Hierarchical metal-organic framework derived nitrogen-doped porous carbon by controllable synthesis for high performance supercapacitors

Highlights

• The N-doped porous carbon has metal-organic frameworks.

• The N-doped porous carbon is synthesized by controllable condition and appropriate temperature.

• The N-doped porous carbon shows excellent performances.

Abstract

The N-doped porous carbon (HPNCs) are prepared via facile carbonization of zeolitic imidazolate frameworks (ZIF-8) by controllable synthesis and appropriate temperature. In this work, we have discussed different preparation methods and conditions about HPNCs. The material which is carbonated at 800 °C and used zinc acetate during preparation process exhibits excellent electrochemical performance with a high specific capacitance of 245 F g^− 1 in 6 M KOH electrolyte at a current density of 1 A g^− 1 and low resistance. Moreover, the symmetric supercapacitor of HPNCs-C8//HPNCs-C8 exhibits a special energy density about 24.8 Wh kg¹ at the power density of 0.79 kW kg^− 1 in the wide voltage region of 0–1.8 V. Such outstanding electrochemical behavior shows that the HPNCs-C8//HPNCs-C8 symmetric supercapacitor is a promising practical energy-storage facility.

Introduction

From an economic perspective, energy storage devices have increased in demand. As a unique electrical energy storage facility, supercapacitor is widely used because of the high-energy density, fast charge and discharge, well electric conductivity and long-cycling stability. According to the mechanism of charge storage, supercapacitors are divided into two types, pseudocapacitor based on the Faraday reaction at the interfaces of electrolyte and electrode materials to obtain high specific capacitance [1], [2] such as conducting polymer electrodes or metal oxides and electrical double-layer capacitors (EDLCs) which store energy based on charge transfer between electrolyte and electrode materials including carbon material electrodes [3], [4], [5], [6]. Carbon materials have increasingly become popular because of good chemical stability, superior conductivity and highpower density [7]. However, the large aperture greatly impedes the specific capacitance of carbon materials [8]. Thus, ideal aperture with bigger size than the de-solvated ions is important, which is associated with proper selection of electrolyte and rational pore size distribution of material rather than merely high surface areas [6].
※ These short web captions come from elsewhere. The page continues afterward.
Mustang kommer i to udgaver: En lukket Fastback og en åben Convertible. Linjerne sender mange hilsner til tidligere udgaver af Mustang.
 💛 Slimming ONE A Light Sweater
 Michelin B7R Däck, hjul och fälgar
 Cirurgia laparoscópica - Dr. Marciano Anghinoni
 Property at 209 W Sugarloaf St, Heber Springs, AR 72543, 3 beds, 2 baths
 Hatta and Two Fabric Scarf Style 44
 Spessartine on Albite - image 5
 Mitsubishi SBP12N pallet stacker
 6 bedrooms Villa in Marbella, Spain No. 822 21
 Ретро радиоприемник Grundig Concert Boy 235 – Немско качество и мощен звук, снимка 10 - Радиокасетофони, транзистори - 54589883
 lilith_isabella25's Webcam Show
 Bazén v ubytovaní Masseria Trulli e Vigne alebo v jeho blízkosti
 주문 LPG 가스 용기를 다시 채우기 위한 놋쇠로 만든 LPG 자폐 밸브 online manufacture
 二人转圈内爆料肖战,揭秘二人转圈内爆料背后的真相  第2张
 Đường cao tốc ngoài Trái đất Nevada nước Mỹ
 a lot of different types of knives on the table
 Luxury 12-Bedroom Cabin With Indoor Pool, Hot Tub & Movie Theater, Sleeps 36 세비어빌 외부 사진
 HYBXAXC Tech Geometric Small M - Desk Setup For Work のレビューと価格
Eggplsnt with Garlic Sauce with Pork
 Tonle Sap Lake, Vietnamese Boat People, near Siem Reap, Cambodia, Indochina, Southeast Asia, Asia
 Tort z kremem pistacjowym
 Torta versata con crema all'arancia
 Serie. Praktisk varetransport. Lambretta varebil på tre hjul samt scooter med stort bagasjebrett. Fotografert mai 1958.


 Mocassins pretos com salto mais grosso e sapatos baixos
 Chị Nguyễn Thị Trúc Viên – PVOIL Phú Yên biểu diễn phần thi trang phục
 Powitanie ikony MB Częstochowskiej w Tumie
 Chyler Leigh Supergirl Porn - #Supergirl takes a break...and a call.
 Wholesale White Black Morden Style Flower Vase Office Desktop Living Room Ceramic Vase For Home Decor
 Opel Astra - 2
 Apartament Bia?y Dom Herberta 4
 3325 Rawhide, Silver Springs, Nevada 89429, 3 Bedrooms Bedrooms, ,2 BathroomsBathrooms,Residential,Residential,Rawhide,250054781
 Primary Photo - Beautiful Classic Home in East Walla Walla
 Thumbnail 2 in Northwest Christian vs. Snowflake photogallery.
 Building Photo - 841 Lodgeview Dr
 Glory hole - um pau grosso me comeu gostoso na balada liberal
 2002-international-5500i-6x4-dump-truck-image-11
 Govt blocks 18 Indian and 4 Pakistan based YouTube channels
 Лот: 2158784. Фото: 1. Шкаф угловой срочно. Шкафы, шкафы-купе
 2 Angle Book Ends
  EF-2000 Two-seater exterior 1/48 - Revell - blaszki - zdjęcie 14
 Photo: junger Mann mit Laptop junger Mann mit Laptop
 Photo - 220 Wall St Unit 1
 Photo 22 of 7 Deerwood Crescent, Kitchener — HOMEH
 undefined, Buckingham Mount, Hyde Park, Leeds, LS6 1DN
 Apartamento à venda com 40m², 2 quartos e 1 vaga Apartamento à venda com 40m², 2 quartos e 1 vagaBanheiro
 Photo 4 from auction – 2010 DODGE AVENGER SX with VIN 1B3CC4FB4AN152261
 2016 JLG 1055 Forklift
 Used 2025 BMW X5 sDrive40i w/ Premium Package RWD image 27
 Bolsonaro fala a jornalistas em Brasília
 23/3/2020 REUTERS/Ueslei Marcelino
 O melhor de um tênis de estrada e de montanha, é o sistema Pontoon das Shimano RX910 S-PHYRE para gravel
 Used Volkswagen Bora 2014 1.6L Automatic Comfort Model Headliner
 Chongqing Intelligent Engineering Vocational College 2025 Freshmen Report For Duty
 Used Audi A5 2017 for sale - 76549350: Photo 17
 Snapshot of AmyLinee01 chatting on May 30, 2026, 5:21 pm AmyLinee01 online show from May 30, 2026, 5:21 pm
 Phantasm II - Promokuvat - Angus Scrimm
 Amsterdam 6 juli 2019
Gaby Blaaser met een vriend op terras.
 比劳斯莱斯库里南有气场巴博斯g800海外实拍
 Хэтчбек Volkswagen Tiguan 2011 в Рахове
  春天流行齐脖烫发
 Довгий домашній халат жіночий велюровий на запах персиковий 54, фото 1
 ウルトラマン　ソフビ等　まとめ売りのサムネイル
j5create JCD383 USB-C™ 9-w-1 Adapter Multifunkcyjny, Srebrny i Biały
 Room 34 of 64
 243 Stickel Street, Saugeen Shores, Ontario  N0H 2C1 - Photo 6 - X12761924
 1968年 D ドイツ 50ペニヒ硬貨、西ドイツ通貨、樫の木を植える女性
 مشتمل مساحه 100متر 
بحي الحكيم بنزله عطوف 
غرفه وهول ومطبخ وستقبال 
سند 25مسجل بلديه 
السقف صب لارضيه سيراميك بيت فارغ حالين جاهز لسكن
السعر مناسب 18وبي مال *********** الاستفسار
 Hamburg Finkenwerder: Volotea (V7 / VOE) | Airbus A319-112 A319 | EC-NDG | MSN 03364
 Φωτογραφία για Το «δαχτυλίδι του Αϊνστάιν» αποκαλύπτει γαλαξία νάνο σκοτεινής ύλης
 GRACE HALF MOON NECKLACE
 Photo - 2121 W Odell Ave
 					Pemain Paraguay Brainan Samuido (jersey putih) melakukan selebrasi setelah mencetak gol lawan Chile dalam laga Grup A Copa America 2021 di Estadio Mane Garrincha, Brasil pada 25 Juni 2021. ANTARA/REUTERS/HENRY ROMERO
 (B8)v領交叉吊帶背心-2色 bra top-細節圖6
Above the previous report, it is well known that carbon materials can be successfully prepared by varieties of porous carbon precursors, such as organic molecules [9], [10], fossil materials [11], [12], polymers [13], [14], [15], [16] and biomass materials [17], [18], [19], [20], [21], [22]. Among these, organic molecules, having stable structures and commercial utilities, can become one of the candidates in aspects of the preparation of porous activated carbon materials with specific capacitance enhancement. Particularly, N-doped porous activated carbon can be synthesized by a single suitable precursor, and N-doped surfaces endow activated carbon with the characteristic of improvement of wettability between electrolyte and electrode materials, which plays an important role in enhancing the specific capacitance performance through increasing the active sites for pseudocapacitance [23], [24], [25]. The strategies for synthesizing N-doped porous activated carbon materials involves in post-processing method which achieved by adding into the high N-doped carbon (like urea, amine) [13], [27], [28] and firsthand carbonization method by direct pyrolysis at a definite temperature [26]. Although the former method can retain most of its properties, it takes several problems such as long- time consumption and uneven nitrogen doping. However, the first technique can be controlled by chemical methods to make N-doped more uniform, while the complicated technological conditions remain a challenge. In this aspect, the morphology of high N-doped carbon precursors is allowed for regulating the electrochemical properties, and the direct carbonization synthesis is closer to commercialization. Nitrogen atoms favorably adjust the electronic bulk and electrochemical properties, which reduce charge conversion resistance and improve wettability for further enhancing specific capacitance.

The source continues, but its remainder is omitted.